O Brasil vem logo atrás, em sétimo, mas com um aumento anual de quase 6%. A Rússia também apresentou um decréscimo, de cerca de 3%, mas ainda é o terceiro maior poluidor do mundo, atrás apenas de EUA e China.

“Não temos grandes usinas geradoras de energia, apenas unidades pequenas e descentralizadas. E teremos ainda menos necessidade nos próximos anos, já que, após a tragédia no Japão, iremos desativar nosso parque nuclear. Por isso, não se trata de rejeição à tecnologia, mas simplesmente de não termos a simples necessidade de filtragem de gases”, afirma Becker.

Enquanto multinacionais de todo o mundo desenvolvido se beneficiam de legislações ambientais mais brandas em países subdesenvolvidos, o uso de padrões técnicos obsoletos nessas regiões ainda é bastante discutido entre especialistas em comércio e meio ambiente.

Mas, segundo a professora Luciana Togeiro, do departamento de Economia da Unesp (Universidade Estadual Paulista), o Brasil ainda não pode ser apontado com um desses “paraísos da poluição”, já que as leis ambientais do país vêm sofrendo mudanças, tornando-se cada vez mais rigorosas desde a década de 1980. 

Na opinião de Luciana, o problema no país é outro: a dificuldade para implantar as práticas e fiscalizar o que está registrado no papel.

“Na literatura sobre legislação ambiental brasileira, essa deficiência é um assunto recorrente. Em várias obras, registra-se que temos melhores regras comparativamente a outros países em desenvolvimento, mas falhamos na hora de aplicá-las”, afirma a professora.

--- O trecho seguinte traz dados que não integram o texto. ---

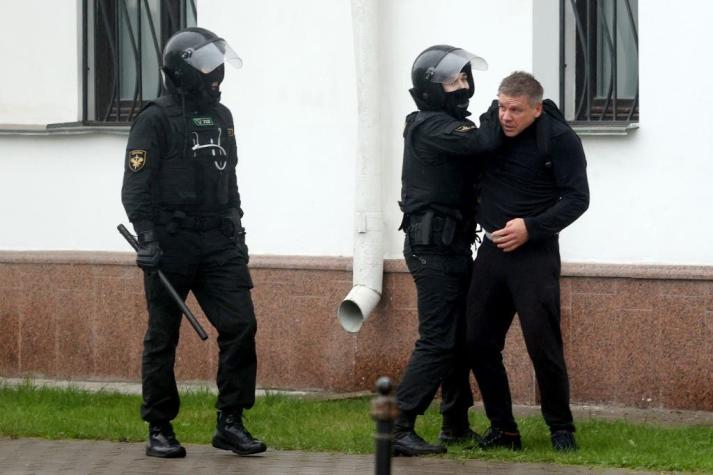 Policía bielorrusa amenaza con disparar balas reales para sofocar protestas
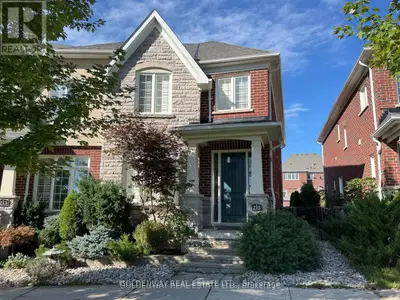 Att/Row/Townhouse in Markham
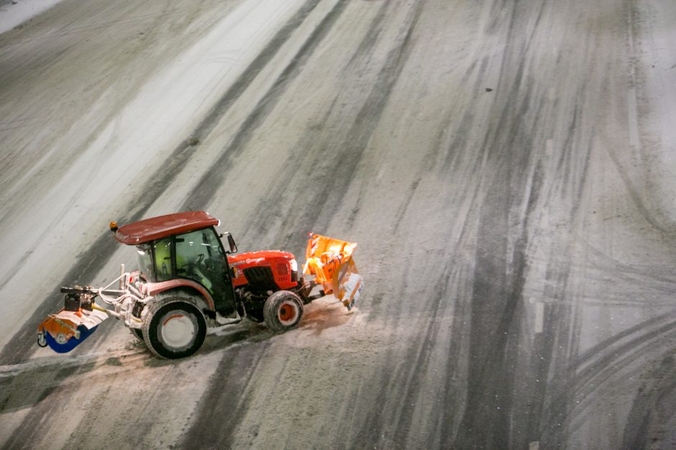Būkite atidūs: eismą sunkina plikledis, kai kur pusto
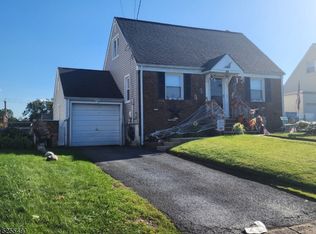 92 Birchwood Dr, Elmwood Park, NJ 07407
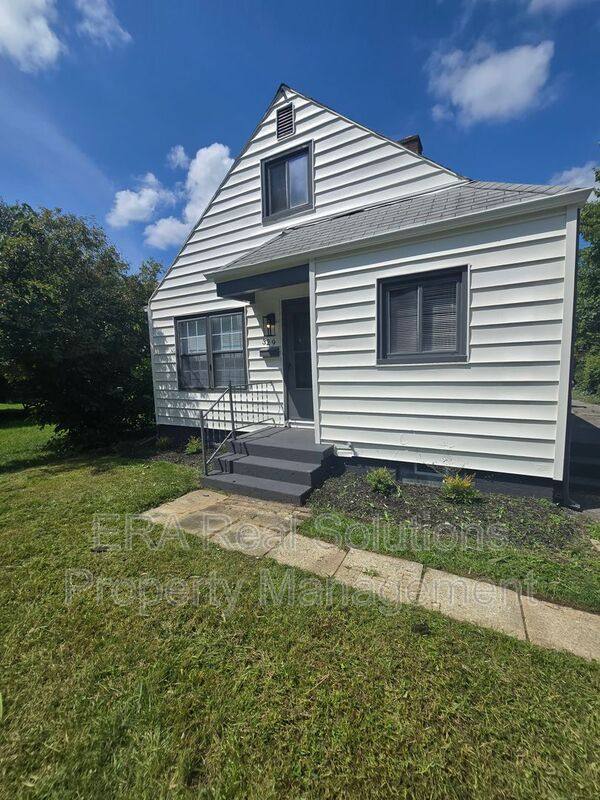 House for rent at 329 S Weyant Ave, Columbus, OH 43213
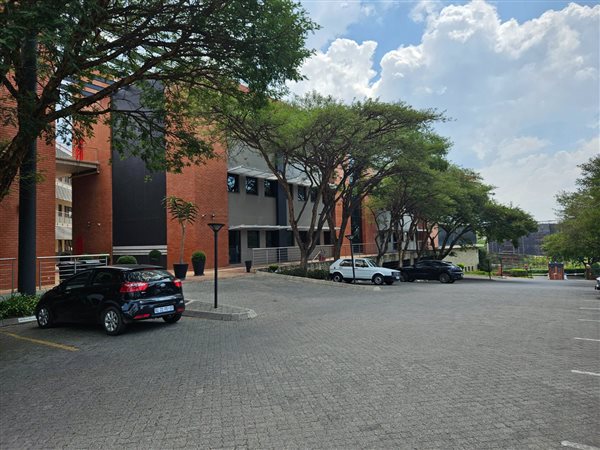 108  m² Commercial space in Woodmead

O grupo russo-alemão, entretanto, tem outras intenções, além de conquistar um novo mercado. “Temos uma parceria com um instituto alemão chamado ISAS, que faz pesquisas independentes no campo da bioindústria, e que nos ajuda a qualificar catadores de lixo. Nós temos as primeiras usinas desse tipo. E planejamos implementar essa solução, em Cuba, no Chile, no Brasil e onde mais houver oportunidade para isso. Então, nossa chegada ao Brasil é simplesmente uma questão de tempo e de achar o parceiro ideal.”